高校2年生の12月のとある朝、教室へ入るなり、友達が涙目になりながら言った。
「志村さんが死んじゃった」
別の友達がすぐ駆け寄って、2人して半泣きになりながら彼のことを話すのを、私は蚊帳の外で聞いていた。フジファブリックの存在は知っていたけれど曲を聴いたことはなかったし、彼女たちがそこまでフジファブリックが好きだということも、その時に初めて知った。
その日家に帰った私は、YouTubeでフジファブリックを検索して“銀河”を聴いた。ボーカルの男性が、表情の読めない顔と感情の乗らない声で歌う。
≪タッタッタッ タラッタラッタッタ≫。変なメロディ。変な歌詞。変なMV。変な曲、と思った。
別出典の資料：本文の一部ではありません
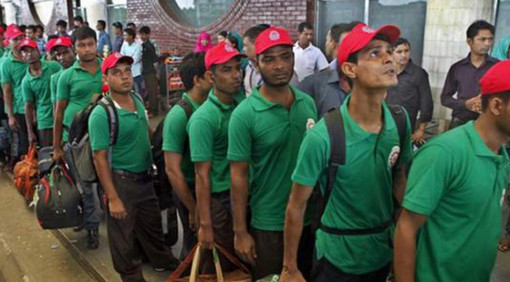 প্রবাসীদের তাড়াতে সৌদিকরন অবশেষে মন্ত্রণালয়ে অনুমোদন কপাল পুড়লো প্রবাসিদের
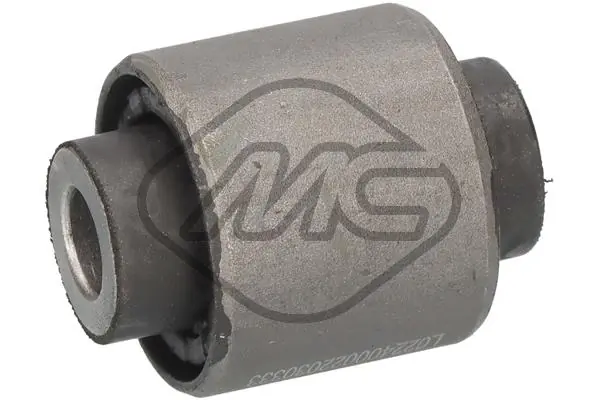 Mounting, control/trailing arm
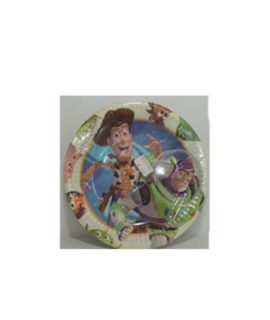 Piatto TOY STORY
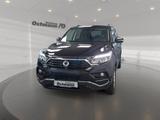 Ssangyong Rexton 2.2 e-XDi Crystal 3,5t Anhängelast AHK Ka - Ssangyong REXTON Gebrauchtwagen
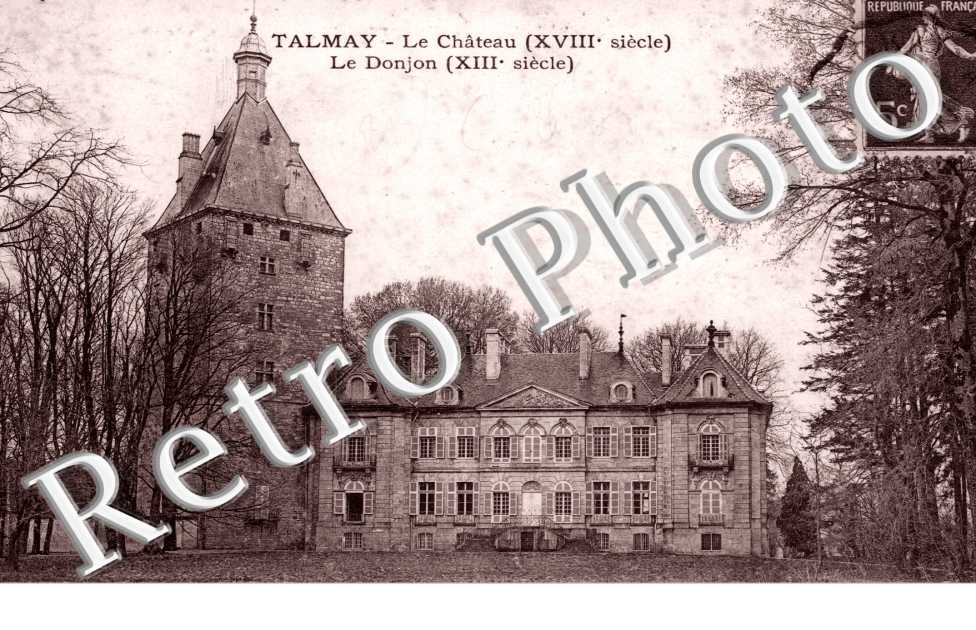 le Chateau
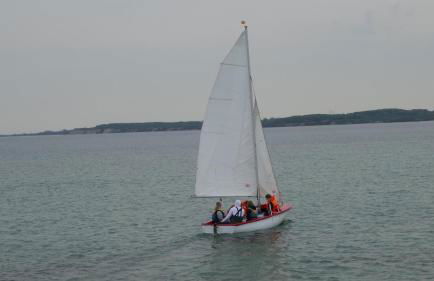Ostsee-Feeling in Hohwacht - Kapitän NEMO - Meer- und strandnah - Großer Südbalkon - Blick ins Grüne - Foto 31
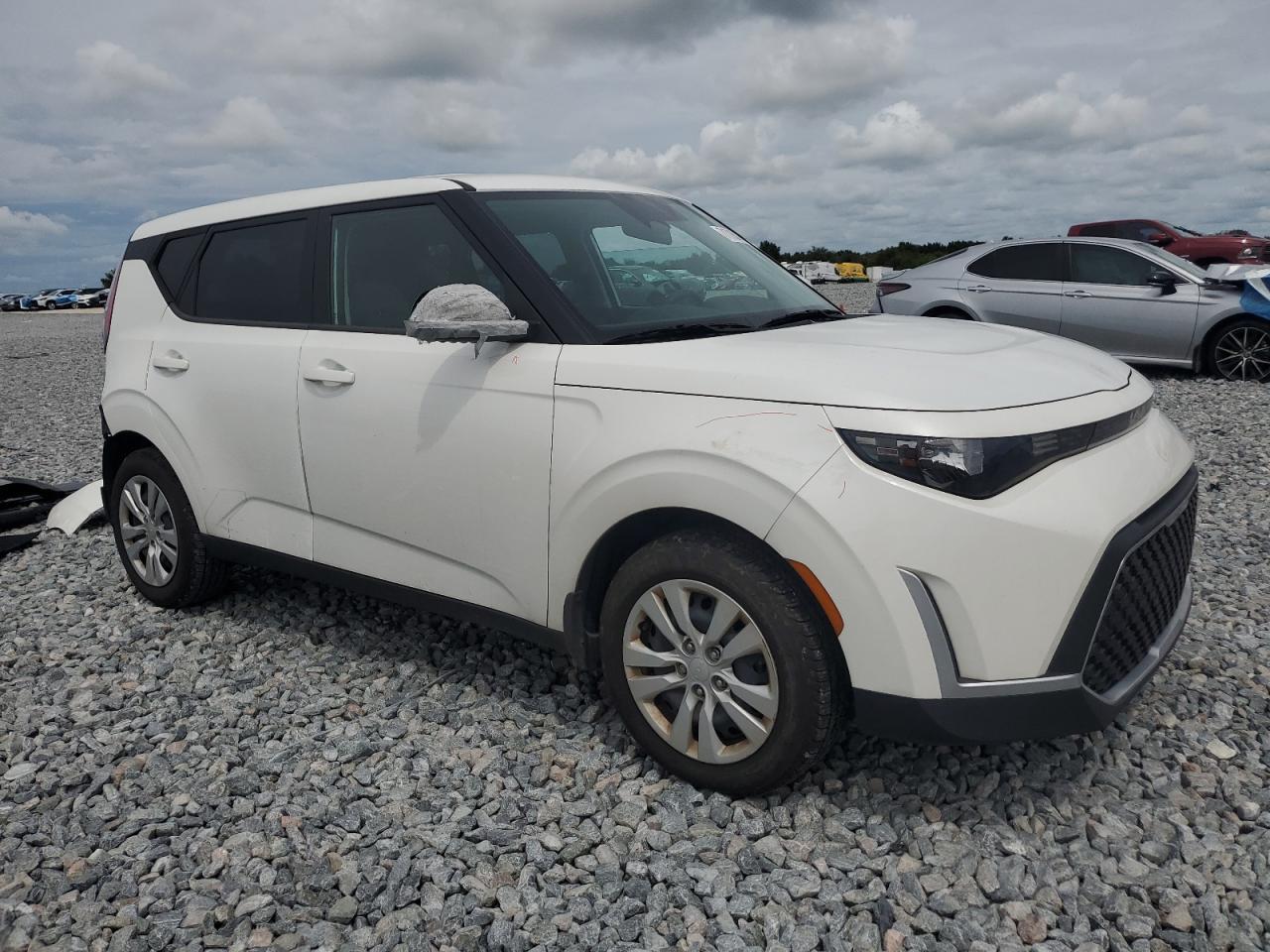2024 KIA SOUL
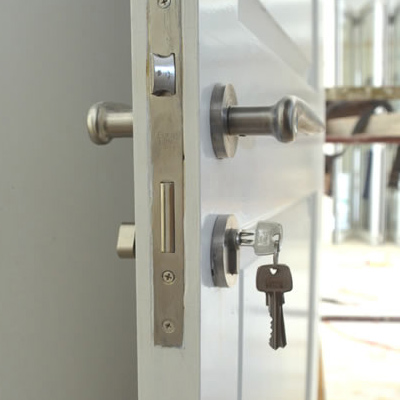 Lever Handle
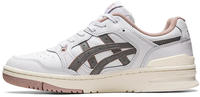 ASICS 1201A476-107-37, Asics Schuhe - Ex89 Leder und Synthetik (Wei&szlig;, Gr. 37)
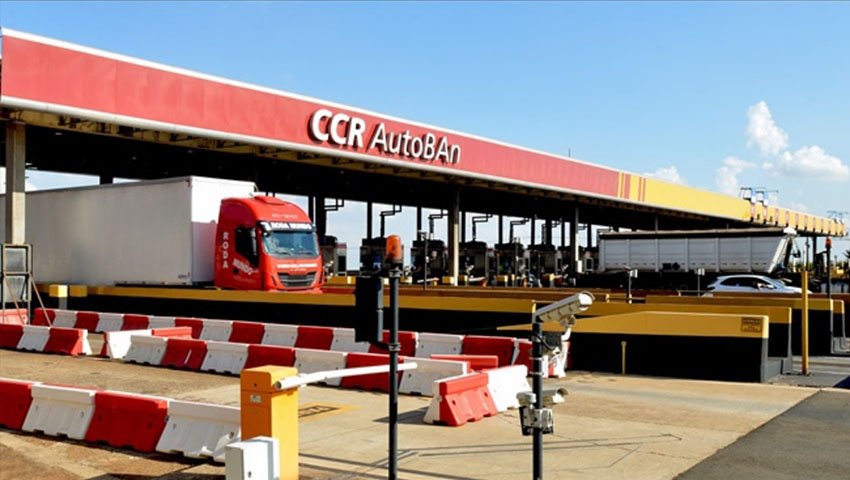 Bandeirantes e Anhanguera (SP) - R$ 28,50 a cada 100 km. As rodovias fazem ligação entre cidades do interior paulista, como Campinas, Jundiaí, Limeira, Piracicaba e Ribeirão Preto.-Divulgação/CCR Autoban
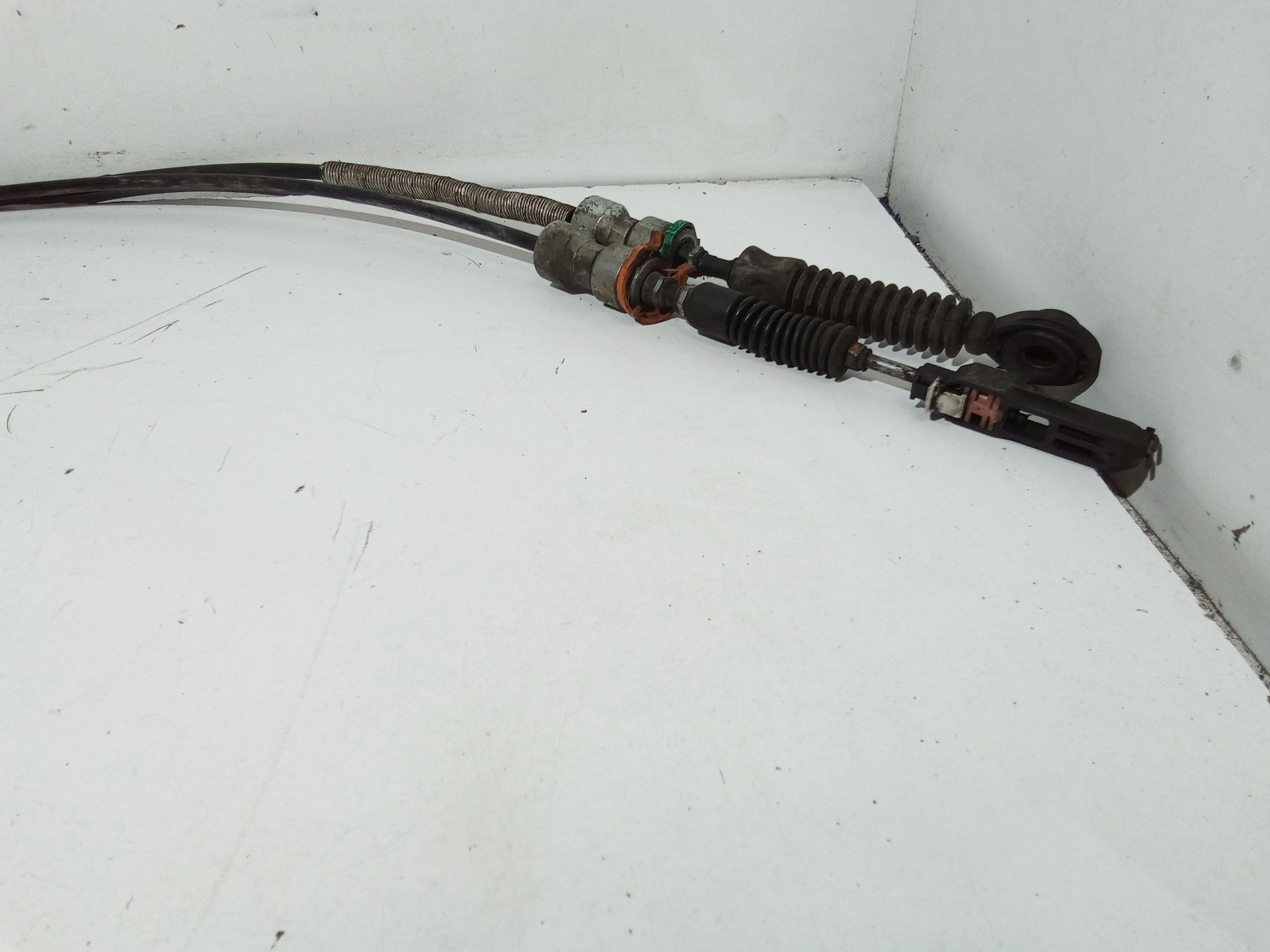 Cavi Marce FIAT Freemont 1 Serie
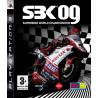 کاور بازی SBK 09: Superbike World Championship برای PS3
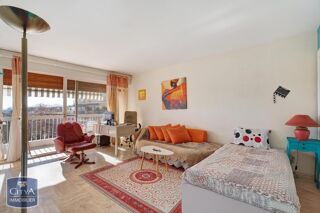  Appartement � vendre 2 pi�ces 47 m�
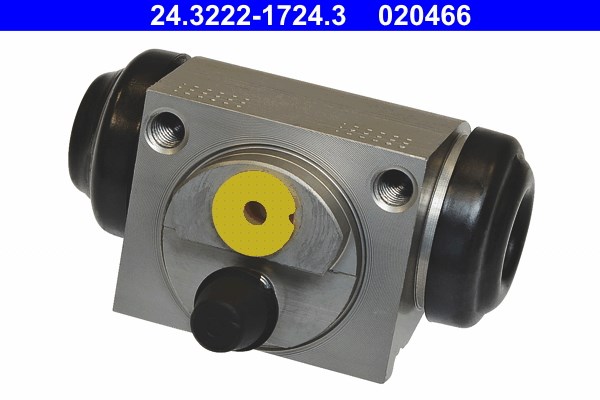 Hjulcylinder, Bakaxel Ate 24.3222-1724.3 ATE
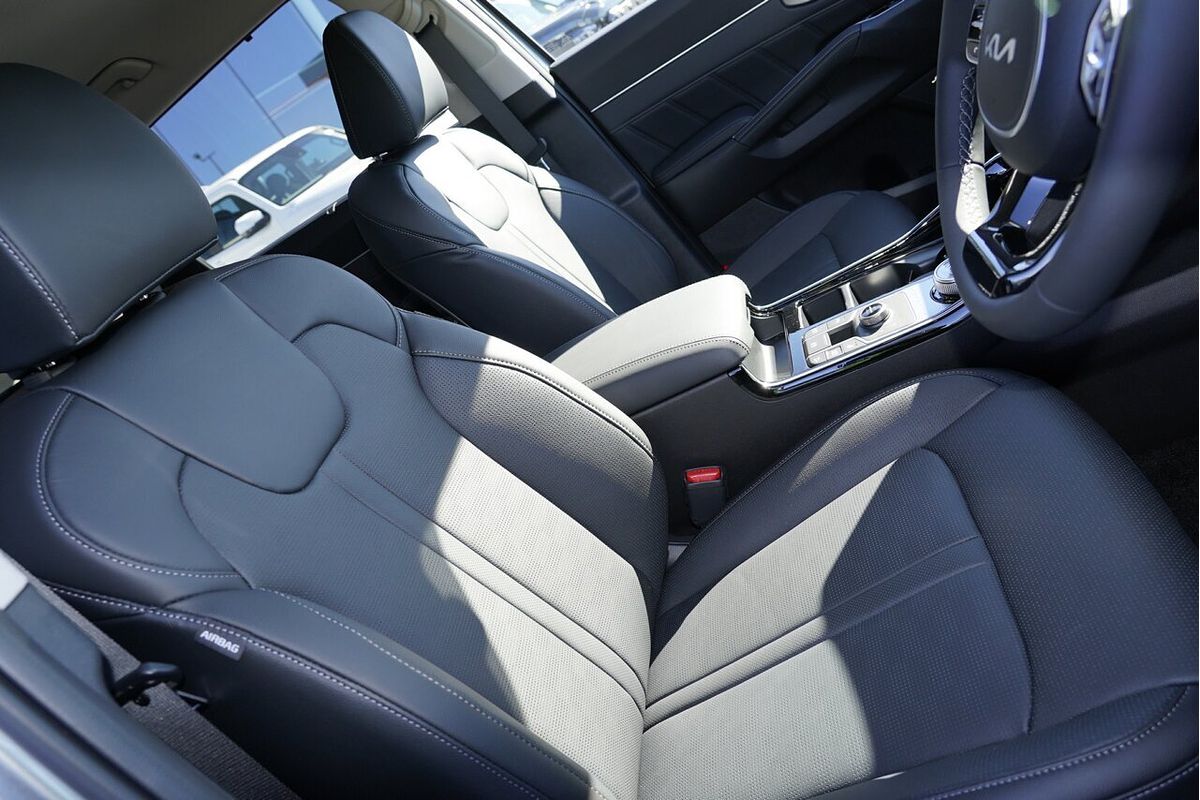 2025 Kia Sorento Sport+ MQ4 PE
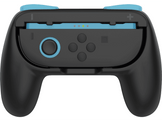 ISY IC-5027 Poignées pour manettes Nintendo Switch 2 Poignées pour manette Nintendo Switch 2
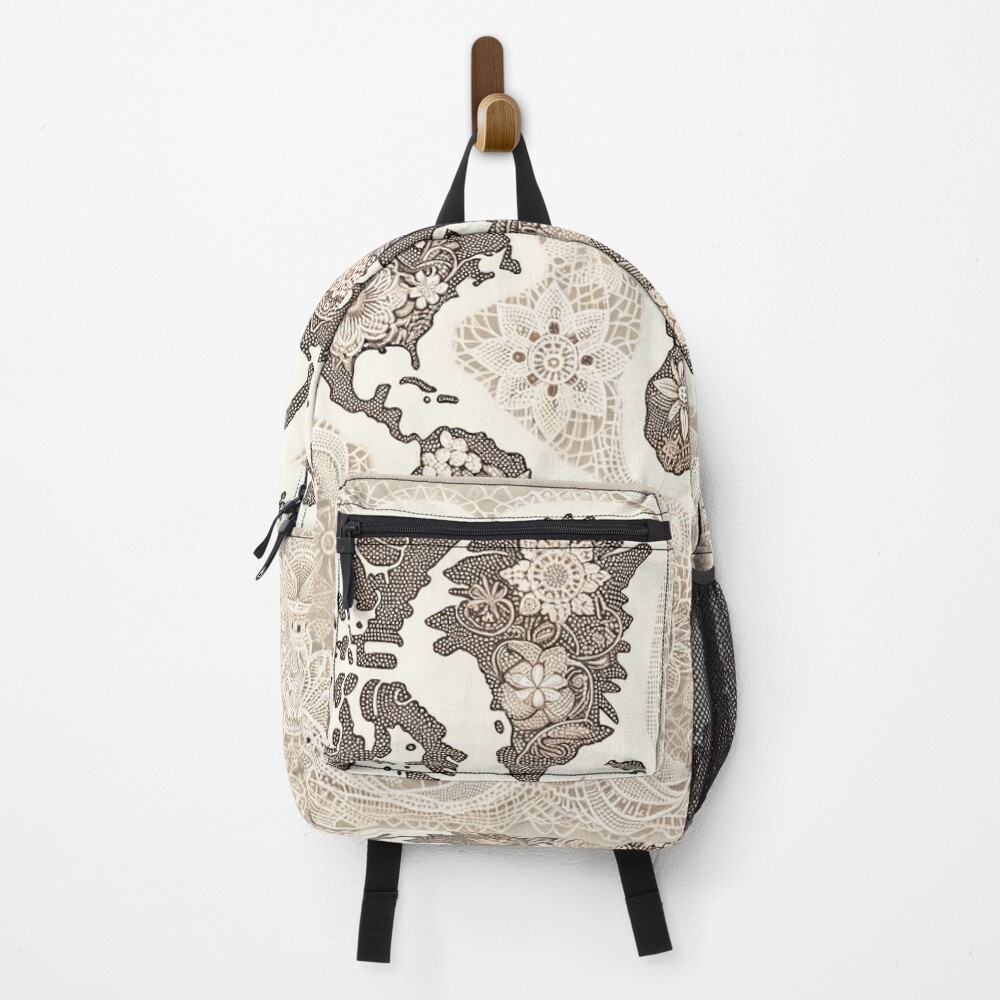 Artikel-Vorschau von Rucksack, designt und verkauft von The-Library.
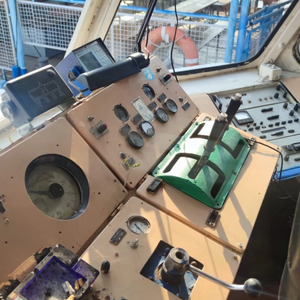 ПИ502181 Продажа теплохода Москва-78 в г. Барнаул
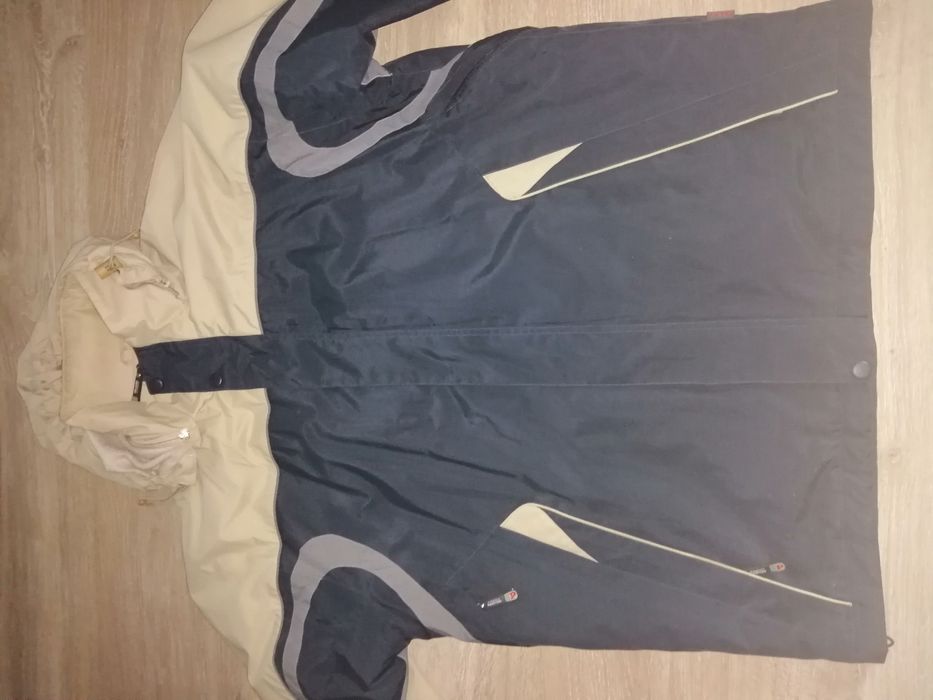 Kurtka jesienno-wiosenna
それから、“陽炎”、“茜色の夕日”、“Sugar!!”、“若者のすべて”、と立て続けに聴いた。
翌日の学校の帰り、私はツタヤに行って、フジファブリックのアルバムを端から全部借りた。
幸福にも、それまで周囲の人が亡くなる経験がほぼなかった私は、「人が死ぬ」ということは単純に「この世からいなくなる」ということなのだと思っていた。
けれど、先輩が死んでそうではないと知った。誰かが死ぬということは、自分の中にあった「その人の場所」ごと持って行かれてしまうということなのだ。心の中のその人の記憶を蓄えていた場所に触れてみると、そこがいびつにへこんでいるのを感じる。そして、大きかろうが小さかろうが、そのへこみは決して塞がることがない。
フジファブリックの音楽に出会ったのが、志村正彦が死んだ後でよかった。だってそうじゃなかったら、私は志村の死と共に「持って行かれて」しまっただろうから。「志村さんが死んだ」と泣いた友達みたいに。先輩が持っていってしまったみたいに。
≪もしも過ぎ去りしあなたに/全て伝えられるのならば/それは叶えられないとしても/心の中準備をしていた≫
ねえ先輩、死ぬなら、私の知らないところで死んでくれ。そうすれば私は、何年かに一度ふとあなたのことを思いだしては「そういえば元気かな」「今何してるかな」と思っていればよかったのに。
あなたが持って行ってしまったせいで、私はこの曲を聴くたびにあなたが思い浮かぶようになってしまった。心のいびつにへこんだ場所に手が触れては、あなたの「残りの月」が永遠に失われてしまったことを思い知る。
あなたがなれなかった25歳になって、その年ももうとっくに過ぎた。私の「残りの月」はあとどれほどあるのだろうと思いながら、少しだけ足早に歩いていく。